M. [M] a plus généralement 'exclu tout problème de nettoyage comme étant le vecteur ayant favorisé la propagation du sinistre' (cf son rapport p.58).

M. [N] a conclu que l'établissement d'Ouest Alu constituait une installation classée pour la protection de l'environnement et qu'il se trouvait, à ce titre, soumis aux obligations de la loi du 19 juillet 1976 (cf son rapport, p. 14 et 22), qu'il relevait à ce titre sans aucun doute de la rubrique 2560 et qu'un doute subsistait concernant les rubriques 2910 et 2662.

S'agissant de la rubrique 2560 'travail mécanique des métaux et alliages', il a indiqué :

-que ses prescriptions concernant les dispositions constructives n'avaient pas été totalement appliquées, mais pour ajouter aussitôt que 'tenir compte de l'antériorité des existants est une position généralement admise par l'administration', et 'qu''une mise en conformité' n'est pas exigée sur ce point dans les établissements existants'

-et que pour celles qui concernaient les mesures d'exploitation de l'établissement (entretien, surveillance, consignes et procédures), rien ne permet de dire que les mesures de sécurité prescrites par l'arrêté type ne sont pas respectées'.

S'agissant de la rubrique 2910, relative aux installations de chauffage dont la puissance thermique totale est compris entre 2 et 20 MW, M. [N] a conclu qu'elle n'était pas suffisamment explicite pour permettre de préciser si des appareils de chauffage répartis dans une surface de 15.000 m², comme en l'espèce, constituaient une 'installation' au sens de ce texte, et que seule la DRIRE aurait pu se livrer à l'interprétation requise, si elle avait été sollicitée, ce qui n'avait jamais été le cas.

M. [M] a indiqué quant à lui que 'rien ne dit que l'activité de la société Ouest Alu relevait de la rubrique 2910' et a ajouté que 'seule la DRIRE aurait pu le dire, et que nul ne peut préjuger de ce qu'aurait été sa réponse' (cf p. 52 et 54).

S'agissant de la rubrique 2662, M. [N] estime incertaine, et sujette à interprétation, la question de savoir si le stockage d'éléments en polymères sur le site fait que l'établissement en relève.

L'expert [N] note que les halls 1 à 5 étaient équipés d'un dispositif de désenfumage.

La Socotec a catégoriquement estimé que les locaux sinistrés ne relevaient pas de l'obligation de disposer de portes coupe-feu (cf rapport [M] : dire annexe D2-1).

L'expert [M], auquel ont été soumis par la société Engie Home Services de nombreux dires relatifs à une possible incidence de l'état des bâtiments ou de leurs matériaux sur la propagation de l'incendie, ne retient pas une telle incidence, et clôt son rapport en indiquant avoir longuement répondu sur ce point, et que la seule thèse possible sur la propagation de l'incendie et d'une part, la conséquence de la déflagration qui avait produit un choc thermique important avec une température de 700 à 800°, et d'autre part des modes de propagation normaux de la chaleur qui avait trouvé dans la sous-face des panneaux de toiture et dans l'ensemble de la charpente métallique de bons vecteurs (cf rapport p. 65).

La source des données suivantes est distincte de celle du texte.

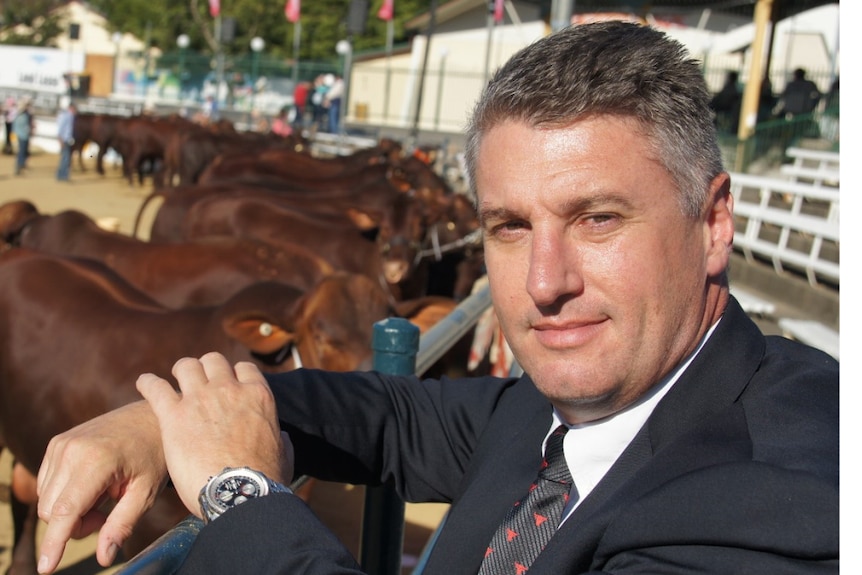 Man in suit standing at fence of cattle saleyard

Au vu de ces conclusions, dégagées par l'expert à partir de ses propres analyses et conclusions mais aussi de la prise en compte du rapport de M. [N], et en l'absence d'élément probant, il n'y a pas lieu de retenir une quelconque responsabilité de la société Ouest Alu dans la propagation de l'incendie, ni donc de laisser à sa charge tout ou partie des conséquences dommageables du sinistre qui a ravagé son site.

¿ la responsabilité de l'architecte [K] [F]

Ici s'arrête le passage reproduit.